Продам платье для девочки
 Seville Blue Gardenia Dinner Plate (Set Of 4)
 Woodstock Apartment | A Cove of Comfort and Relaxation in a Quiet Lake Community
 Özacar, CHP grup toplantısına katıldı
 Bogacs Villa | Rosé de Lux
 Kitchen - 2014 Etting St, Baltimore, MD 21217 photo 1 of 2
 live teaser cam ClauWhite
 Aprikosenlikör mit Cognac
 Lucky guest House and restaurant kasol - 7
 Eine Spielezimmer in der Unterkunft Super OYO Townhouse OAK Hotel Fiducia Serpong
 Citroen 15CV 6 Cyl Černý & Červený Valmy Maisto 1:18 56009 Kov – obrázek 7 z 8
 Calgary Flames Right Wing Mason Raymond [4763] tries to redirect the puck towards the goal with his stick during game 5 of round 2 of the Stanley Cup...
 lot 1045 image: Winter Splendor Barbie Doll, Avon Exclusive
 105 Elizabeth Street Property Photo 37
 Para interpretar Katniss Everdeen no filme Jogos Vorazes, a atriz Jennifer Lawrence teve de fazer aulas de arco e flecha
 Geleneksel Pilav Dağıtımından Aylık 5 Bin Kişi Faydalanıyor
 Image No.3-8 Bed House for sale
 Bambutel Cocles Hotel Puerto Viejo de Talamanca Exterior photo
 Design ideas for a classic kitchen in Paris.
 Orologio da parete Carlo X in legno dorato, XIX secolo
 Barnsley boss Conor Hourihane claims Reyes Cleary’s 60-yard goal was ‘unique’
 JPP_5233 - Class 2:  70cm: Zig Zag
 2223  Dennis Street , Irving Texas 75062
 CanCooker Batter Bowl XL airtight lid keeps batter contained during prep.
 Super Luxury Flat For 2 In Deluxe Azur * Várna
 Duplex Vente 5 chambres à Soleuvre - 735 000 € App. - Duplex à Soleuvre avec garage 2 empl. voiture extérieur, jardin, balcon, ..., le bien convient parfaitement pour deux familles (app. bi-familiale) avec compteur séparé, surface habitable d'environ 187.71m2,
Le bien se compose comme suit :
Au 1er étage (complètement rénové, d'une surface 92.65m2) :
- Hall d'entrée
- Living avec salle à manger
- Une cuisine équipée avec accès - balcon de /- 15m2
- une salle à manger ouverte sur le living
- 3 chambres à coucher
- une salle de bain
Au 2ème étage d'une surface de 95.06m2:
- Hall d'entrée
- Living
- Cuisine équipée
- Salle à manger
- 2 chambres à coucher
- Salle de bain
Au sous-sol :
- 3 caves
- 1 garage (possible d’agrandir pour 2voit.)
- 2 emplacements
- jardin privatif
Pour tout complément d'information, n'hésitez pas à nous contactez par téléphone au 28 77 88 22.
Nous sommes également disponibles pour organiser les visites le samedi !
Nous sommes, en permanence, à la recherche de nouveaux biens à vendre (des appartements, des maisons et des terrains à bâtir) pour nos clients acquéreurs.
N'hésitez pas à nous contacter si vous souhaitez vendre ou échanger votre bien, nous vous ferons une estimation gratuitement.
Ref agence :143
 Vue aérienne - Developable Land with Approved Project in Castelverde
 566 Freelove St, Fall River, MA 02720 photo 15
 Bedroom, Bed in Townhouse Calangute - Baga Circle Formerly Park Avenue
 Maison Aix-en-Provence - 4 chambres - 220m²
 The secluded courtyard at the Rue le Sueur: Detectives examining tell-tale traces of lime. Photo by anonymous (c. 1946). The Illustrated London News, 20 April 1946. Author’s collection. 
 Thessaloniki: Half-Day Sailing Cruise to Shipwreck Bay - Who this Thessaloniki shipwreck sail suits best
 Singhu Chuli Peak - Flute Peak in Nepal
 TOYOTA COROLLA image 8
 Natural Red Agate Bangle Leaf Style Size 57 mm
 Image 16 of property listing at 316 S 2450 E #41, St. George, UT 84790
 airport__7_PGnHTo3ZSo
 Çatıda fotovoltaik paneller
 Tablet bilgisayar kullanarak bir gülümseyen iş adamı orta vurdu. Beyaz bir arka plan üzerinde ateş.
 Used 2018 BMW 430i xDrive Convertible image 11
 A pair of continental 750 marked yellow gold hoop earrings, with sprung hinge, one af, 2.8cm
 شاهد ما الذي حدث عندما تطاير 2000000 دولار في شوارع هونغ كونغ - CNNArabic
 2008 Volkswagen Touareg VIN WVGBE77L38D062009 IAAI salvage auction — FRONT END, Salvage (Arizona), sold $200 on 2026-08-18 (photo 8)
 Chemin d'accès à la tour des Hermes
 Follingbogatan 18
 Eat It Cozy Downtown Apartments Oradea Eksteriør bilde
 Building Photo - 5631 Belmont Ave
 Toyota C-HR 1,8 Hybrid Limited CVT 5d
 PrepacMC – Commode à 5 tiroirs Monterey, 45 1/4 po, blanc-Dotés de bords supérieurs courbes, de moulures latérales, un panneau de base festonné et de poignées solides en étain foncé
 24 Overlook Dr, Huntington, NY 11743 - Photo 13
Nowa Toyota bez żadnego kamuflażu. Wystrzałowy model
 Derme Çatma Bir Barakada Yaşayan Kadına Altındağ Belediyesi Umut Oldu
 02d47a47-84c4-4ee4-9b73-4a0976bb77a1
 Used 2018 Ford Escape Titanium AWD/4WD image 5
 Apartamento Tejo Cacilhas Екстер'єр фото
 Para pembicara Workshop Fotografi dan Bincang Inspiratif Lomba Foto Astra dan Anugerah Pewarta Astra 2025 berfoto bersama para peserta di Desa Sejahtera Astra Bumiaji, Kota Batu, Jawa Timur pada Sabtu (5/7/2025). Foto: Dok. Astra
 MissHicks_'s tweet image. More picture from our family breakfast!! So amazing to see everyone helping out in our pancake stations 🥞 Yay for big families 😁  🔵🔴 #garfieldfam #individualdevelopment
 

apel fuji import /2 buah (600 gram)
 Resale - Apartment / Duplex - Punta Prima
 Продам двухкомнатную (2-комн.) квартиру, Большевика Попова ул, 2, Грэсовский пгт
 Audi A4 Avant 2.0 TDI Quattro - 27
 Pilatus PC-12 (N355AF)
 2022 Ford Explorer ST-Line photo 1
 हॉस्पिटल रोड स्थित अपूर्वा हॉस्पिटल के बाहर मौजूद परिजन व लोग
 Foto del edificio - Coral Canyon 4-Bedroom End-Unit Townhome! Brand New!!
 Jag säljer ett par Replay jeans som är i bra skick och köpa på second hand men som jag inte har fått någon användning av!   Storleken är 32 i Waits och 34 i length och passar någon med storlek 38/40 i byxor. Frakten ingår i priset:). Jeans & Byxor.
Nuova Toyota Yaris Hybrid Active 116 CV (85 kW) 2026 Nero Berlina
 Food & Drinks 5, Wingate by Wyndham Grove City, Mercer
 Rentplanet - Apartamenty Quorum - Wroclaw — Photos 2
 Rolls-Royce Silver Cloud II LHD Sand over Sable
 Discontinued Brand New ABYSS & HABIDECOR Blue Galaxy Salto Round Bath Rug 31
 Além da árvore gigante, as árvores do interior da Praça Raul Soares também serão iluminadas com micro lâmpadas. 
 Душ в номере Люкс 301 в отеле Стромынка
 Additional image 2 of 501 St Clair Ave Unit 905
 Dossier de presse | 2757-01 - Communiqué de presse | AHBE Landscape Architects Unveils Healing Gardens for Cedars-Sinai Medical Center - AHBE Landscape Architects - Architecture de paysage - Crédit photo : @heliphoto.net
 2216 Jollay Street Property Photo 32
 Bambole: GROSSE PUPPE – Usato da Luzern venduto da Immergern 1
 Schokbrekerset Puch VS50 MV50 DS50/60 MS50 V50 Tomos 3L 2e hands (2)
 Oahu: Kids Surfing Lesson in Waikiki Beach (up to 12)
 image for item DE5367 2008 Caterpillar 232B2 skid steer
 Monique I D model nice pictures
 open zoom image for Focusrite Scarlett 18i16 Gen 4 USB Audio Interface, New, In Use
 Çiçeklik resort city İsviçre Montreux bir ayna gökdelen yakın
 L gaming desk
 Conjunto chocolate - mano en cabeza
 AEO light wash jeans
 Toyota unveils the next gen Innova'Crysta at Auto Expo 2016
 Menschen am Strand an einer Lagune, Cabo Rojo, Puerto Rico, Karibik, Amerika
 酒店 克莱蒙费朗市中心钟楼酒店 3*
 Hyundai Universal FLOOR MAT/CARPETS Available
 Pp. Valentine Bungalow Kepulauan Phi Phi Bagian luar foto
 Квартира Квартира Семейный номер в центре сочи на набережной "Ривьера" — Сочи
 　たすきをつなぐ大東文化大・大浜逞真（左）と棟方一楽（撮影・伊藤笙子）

|---|

What is needed is a word-for-word copy of the records above, from the first line through the line that contains "Citroen 15CV 6".

Продам платье для девочки
 Seville Blue Gardenia Dinner Plate (Set Of 4)
 Woodstock Apartment | A Cove of Comfort and Relaxation in a Quiet Lake Community
 Özacar, CHP grup toplantısına katıldı
 Bogacs Villa | Rosé de Lux
 Kitchen - 2014 Etting St, Baltimore, MD 21217 photo 1 of 2
 live teaser cam ClauWhite
 Aprikosenlikör mit Cognac
 Lucky guest House and restaurant kasol - 7
 Eine Spielezimmer in der Unterkunft Super OYO Townhouse OAK Hotel Fiducia Serpong
 Citroen 15CV 6 Cyl Černý & Červený Valmy Maisto 1:18 56009 Kov – obrázek 7 z 8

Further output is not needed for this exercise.